Published on May 23, 2018 by Greg Zagorski
House Passes Financial Regulatory Reform Bill

The U.S. House of Representatives on May 22 passed legislation, the Economic Growth, Regulatory Relief, and Consumer Protection Act (S. 2155), that amends federal banking law and financial regulations.  The legislation, which was initially introduced by Senate Banking Committee Chair Mike Crapo (R-ID), includes a number of changes to federal mortgage rules, allows HFAs participating in the Hardest Hit Fund (HHF) to use their funds for lead and asbestos removal, and permits large banks to count some of their tax-exempt Housing Bond investments as high-quality liquid assets (HQLAs) under federal bank liquidity standards.

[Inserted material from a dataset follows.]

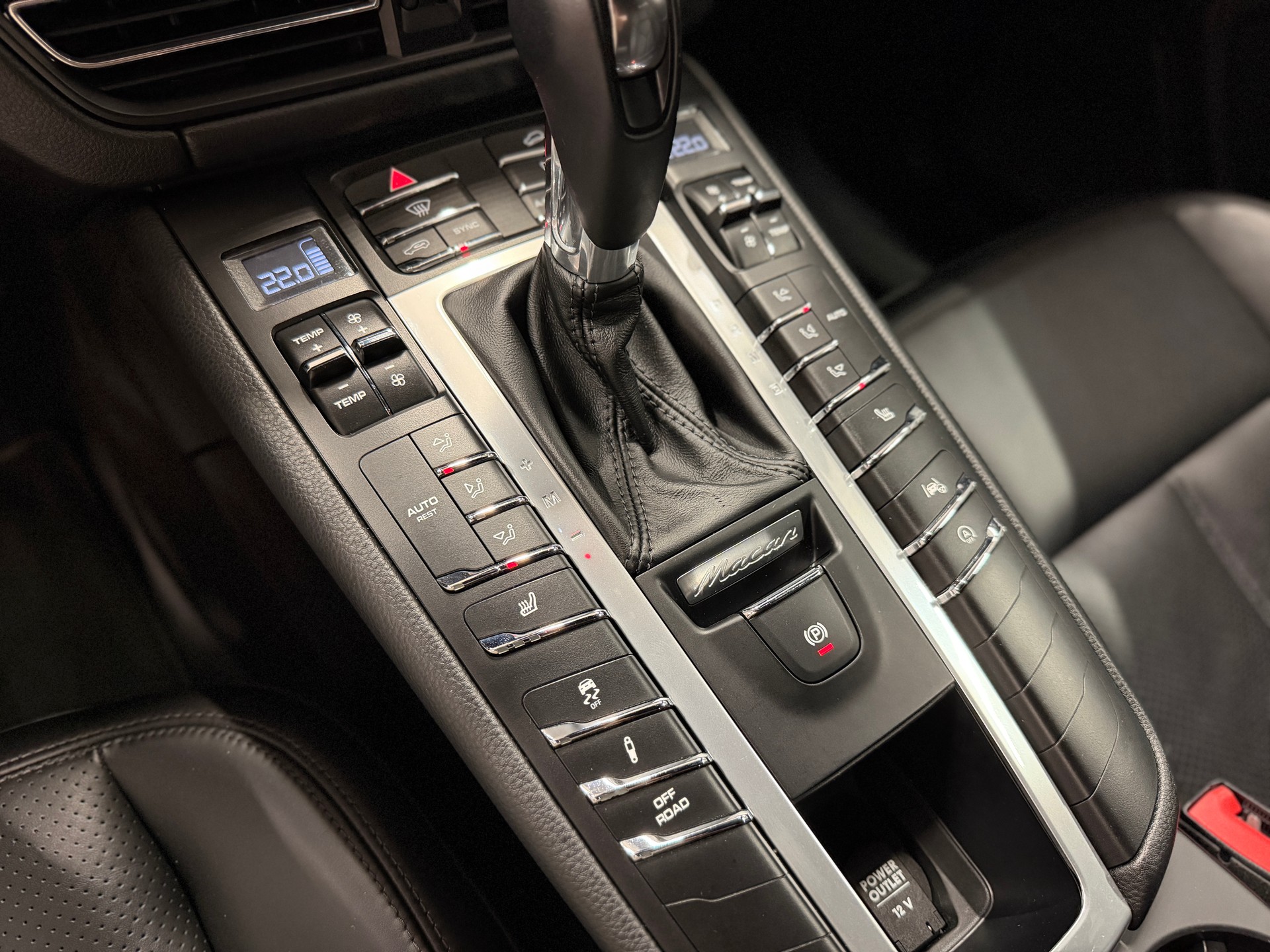 PORSCHE Macan PDK-image-11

The House passed S. 2155 by a vote of 258–159, with 33 Democrats and all but one Republican voting in favor.  The bill previously passed the Senate on March 14 by a bipartisan vote of 67–31.  It will now be sent to President Trump, who is expected to sign it into law.

The bill allows participating HFAs to use HHF funding to support lead and asbestos removal from homes.  Through the HHF, 19 state HFAs administer federal funding to support foreclosure prevention and neighborhood stabilization.  The impact of this provision on state HHF programs is likely to be minimal.  The HHF is set to expire at the end of 2021, and many HFAs have already committed their remaining HHF funds and are beginning to wind down their programs.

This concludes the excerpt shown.